__What is required__: Write out every record below exactly as it appears.

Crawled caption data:
------------------------------
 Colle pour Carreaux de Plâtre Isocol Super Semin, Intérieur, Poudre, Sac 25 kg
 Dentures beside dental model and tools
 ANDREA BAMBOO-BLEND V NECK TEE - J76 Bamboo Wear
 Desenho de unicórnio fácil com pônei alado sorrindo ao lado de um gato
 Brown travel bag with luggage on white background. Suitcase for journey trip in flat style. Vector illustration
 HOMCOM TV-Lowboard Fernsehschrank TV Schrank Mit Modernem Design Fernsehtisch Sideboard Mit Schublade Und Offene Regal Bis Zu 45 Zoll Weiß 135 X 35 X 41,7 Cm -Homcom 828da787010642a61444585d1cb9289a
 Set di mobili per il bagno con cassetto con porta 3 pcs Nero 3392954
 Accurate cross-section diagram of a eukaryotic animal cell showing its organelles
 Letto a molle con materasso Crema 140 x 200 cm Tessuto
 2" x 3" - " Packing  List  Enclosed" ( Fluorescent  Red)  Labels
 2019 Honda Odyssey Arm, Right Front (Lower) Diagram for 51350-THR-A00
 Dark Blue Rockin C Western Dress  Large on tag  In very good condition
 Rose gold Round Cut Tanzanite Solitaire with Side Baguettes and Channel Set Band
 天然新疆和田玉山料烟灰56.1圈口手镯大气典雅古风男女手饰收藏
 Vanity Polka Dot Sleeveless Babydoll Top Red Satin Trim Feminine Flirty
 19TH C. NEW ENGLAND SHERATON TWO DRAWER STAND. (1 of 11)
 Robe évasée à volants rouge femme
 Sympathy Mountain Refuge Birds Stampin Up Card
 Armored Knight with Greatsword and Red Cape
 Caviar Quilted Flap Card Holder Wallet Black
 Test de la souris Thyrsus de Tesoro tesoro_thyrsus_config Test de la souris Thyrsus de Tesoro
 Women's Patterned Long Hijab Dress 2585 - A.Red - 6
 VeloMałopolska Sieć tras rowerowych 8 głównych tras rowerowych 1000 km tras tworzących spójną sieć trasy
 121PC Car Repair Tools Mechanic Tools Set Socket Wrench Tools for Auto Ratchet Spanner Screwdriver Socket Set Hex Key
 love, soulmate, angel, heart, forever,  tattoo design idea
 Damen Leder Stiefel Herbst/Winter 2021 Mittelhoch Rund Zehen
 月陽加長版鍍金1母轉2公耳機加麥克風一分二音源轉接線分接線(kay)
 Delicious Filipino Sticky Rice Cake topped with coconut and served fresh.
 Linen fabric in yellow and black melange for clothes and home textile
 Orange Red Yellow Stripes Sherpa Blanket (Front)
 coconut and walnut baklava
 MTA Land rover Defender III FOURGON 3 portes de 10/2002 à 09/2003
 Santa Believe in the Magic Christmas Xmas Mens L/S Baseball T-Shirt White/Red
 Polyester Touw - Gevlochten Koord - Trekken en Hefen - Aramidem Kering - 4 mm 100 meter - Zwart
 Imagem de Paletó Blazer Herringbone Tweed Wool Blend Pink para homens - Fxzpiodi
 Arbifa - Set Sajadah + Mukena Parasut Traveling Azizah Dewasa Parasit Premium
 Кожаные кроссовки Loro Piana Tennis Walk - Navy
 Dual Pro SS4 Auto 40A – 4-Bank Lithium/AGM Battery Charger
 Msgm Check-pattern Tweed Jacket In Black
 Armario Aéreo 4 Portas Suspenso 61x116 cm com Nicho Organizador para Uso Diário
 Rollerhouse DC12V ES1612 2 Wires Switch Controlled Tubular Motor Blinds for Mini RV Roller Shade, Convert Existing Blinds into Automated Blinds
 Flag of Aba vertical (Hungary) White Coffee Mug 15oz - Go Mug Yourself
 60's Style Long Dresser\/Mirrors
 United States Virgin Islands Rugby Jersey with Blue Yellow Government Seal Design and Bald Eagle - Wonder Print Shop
------------------------------
__Response for this exercise__:
 Colle pour Carreaux de Plâtre Isocol Super Semin, Intérieur, Poudre, Sac 25 kg
 Dentures beside dental model and tools
 ANDREA BAMBOO-BLEND V NECK TEE - J76 Bamboo Wear
 Desenho de unicórnio fácil com pônei alado sorrindo ao lado de um gato
 Brown travel bag with luggage on white background. Suitcase for journey trip in flat style. Vector illustration
 HOMCOM TV-Lowboard Fernsehschrank TV Schrank Mit Modernem Design Fernsehtisch Sideboard Mit Schublade Und Offene Regal Bis Zu 45 Zoll Weiß 135 X 35 X 41,7 Cm -Homcom 828da787010642a61444585d1cb9289a
 Set di mobili per il bagno con cassetto con porta 3 pcs Nero 3392954
 Accurate cross-section diagram of a eukaryotic animal cell showing its organelles
 Letto a molle con materasso Crema 140 x 200 cm Tessuto
 2" x 3" - " Packing  List  Enclosed" ( Fluorescent  Red)  Labels
 2019 Honda Odyssey Arm, Right Front (Lower) Diagram for 51350-THR-A00
 Dark Blue Rockin C Western Dress  Large on tag  In very good condition
 Rose gold Round Cut Tanzanite Solitaire with Side Baguettes and Channel Set Band
 天然新疆和田玉山料烟灰56.1圈口手镯大气典雅古风男女手饰收藏
 Vanity Polka Dot Sleeveless Babydoll Top Red Satin Trim Feminine Flirty
 19TH C. NEW ENGLAND SHERATON TWO DRAWER STAND. (1 of 11)
 Robe évasée à volants rouge femme
 Sympathy Mountain Refuge Birds Stampin Up Card
 Armored Knight with Greatsword and Red Cape
 Caviar Quilted Flap Card Holder Wallet Black
 Test de la souris Thyrsus de Tesoro tesoro_thyrsus_config Test de la souris Thyrsus de Tesoro
 Women's Patterned Long Hijab Dress 2585 - A.Red - 6
 VeloMałopolska Sieć tras rowerowych 8 głównych tras rowerowych 1000 km tras tworzących spójną sieć trasy
 121PC Car Repair Tools Mechanic Tools Set Socket Wrench Tools for Auto Ratchet Spanner Screwdriver Socket Set Hex Key
 love, soulmate, angel, heart, forever,  tattoo design idea
 Damen Leder Stiefel Herbst/Winter 2021 Mittelhoch Rund Zehen
 月陽加長版鍍金1母轉2公耳機加麥克風一分二音源轉接線分接線(kay)
 Delicious Filipino Sticky Rice Cake topped with coconut and served fresh.
 Linen fabric in yellow and black melange for clothes and home textile
 Orange Red Yellow Stripes Sherpa Blanket (Front)
 coconut and walnut baklava
 MTA Land rover Defender III FOURGON 3 portes de 10/2002 à 09/2003
 Santa Believe in the Magic Christmas Xmas Mens L/S Baseball T-Shirt White/Red
 Polyester Touw - Gevlochten Koord - Trekken en Hefen - Aramidem Kering - 4 mm 100 meter - Zwart
 Imagem de Paletó Blazer Herringbone Tweed Wool Blend Pink para homens - Fxzpiodi
 Arbifa - Set Sajadah + Mukena Parasut Traveling Azizah Dewasa Parasit Premium
 Кожаные кроссовки Loro Piana Tennis Walk - Navy
 Dual Pro SS4 Auto 40A – 4-Bank Lithium/AGM Battery Charger
 Msgm Check-pattern Tweed Jacket In Black
 Armario Aéreo 4 Portas Suspenso 61x116 cm com Nicho Organizador para Uso Diário
 Rollerhouse DC12V ES1612 2 Wires Switch Controlled Tubular Motor Blinds for Mini RV Roller Shade, Convert Existing Blinds into Automated Blinds
 Flag of Aba vertical (Hungary) White Coffee Mug 15oz - Go Mug Yourself
 60's Style Long Dresser\/Mirrors
 United States Virgin Islands Rugby Jersey with Blue Yellow Government Seal Design and Bald Eagle - Wonder Print Shop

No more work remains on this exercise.